[Task brief] Write out only the final part of the records below. It begins with the line that contains "KIA FORTE 2015 - KNAFK4A67F5294682" and ends with the last line.

(Dataset entries)

____________________

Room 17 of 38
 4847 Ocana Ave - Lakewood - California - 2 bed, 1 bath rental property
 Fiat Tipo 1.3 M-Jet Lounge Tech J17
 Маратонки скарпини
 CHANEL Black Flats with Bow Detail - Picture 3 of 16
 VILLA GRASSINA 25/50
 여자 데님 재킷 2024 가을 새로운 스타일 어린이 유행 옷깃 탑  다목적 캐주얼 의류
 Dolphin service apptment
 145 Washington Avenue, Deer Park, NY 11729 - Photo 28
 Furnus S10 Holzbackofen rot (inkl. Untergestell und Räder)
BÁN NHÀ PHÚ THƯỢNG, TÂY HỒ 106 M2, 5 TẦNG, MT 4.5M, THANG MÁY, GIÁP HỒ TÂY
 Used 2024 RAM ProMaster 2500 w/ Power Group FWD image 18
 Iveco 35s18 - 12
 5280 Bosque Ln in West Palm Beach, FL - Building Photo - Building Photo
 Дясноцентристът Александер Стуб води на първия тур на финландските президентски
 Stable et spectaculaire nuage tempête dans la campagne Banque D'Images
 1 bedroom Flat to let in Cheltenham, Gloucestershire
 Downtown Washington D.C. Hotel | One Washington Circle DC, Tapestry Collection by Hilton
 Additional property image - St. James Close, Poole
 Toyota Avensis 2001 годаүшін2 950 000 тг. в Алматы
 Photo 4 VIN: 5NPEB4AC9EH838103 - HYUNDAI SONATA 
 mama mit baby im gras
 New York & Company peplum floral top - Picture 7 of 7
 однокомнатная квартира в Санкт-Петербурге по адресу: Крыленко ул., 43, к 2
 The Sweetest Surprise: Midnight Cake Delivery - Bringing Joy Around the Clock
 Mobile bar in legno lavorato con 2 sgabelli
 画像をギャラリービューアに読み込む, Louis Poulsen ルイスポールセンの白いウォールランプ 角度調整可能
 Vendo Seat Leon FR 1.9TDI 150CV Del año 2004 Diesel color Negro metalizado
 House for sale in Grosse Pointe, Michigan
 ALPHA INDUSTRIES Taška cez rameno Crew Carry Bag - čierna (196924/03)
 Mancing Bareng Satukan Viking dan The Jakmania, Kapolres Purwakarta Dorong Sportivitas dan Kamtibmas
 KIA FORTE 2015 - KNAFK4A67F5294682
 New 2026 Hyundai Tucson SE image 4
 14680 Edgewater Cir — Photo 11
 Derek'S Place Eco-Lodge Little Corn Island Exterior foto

____________________

[Task result]
 KIA FORTE 2015 - KNAFK4A67F5294682
 New 2026 Hyundai Tucson SE image 4
 14680 Edgewater Cir — Photo 11
 Derek'S Place Eco-Lodge Little Corn Island Exterior foto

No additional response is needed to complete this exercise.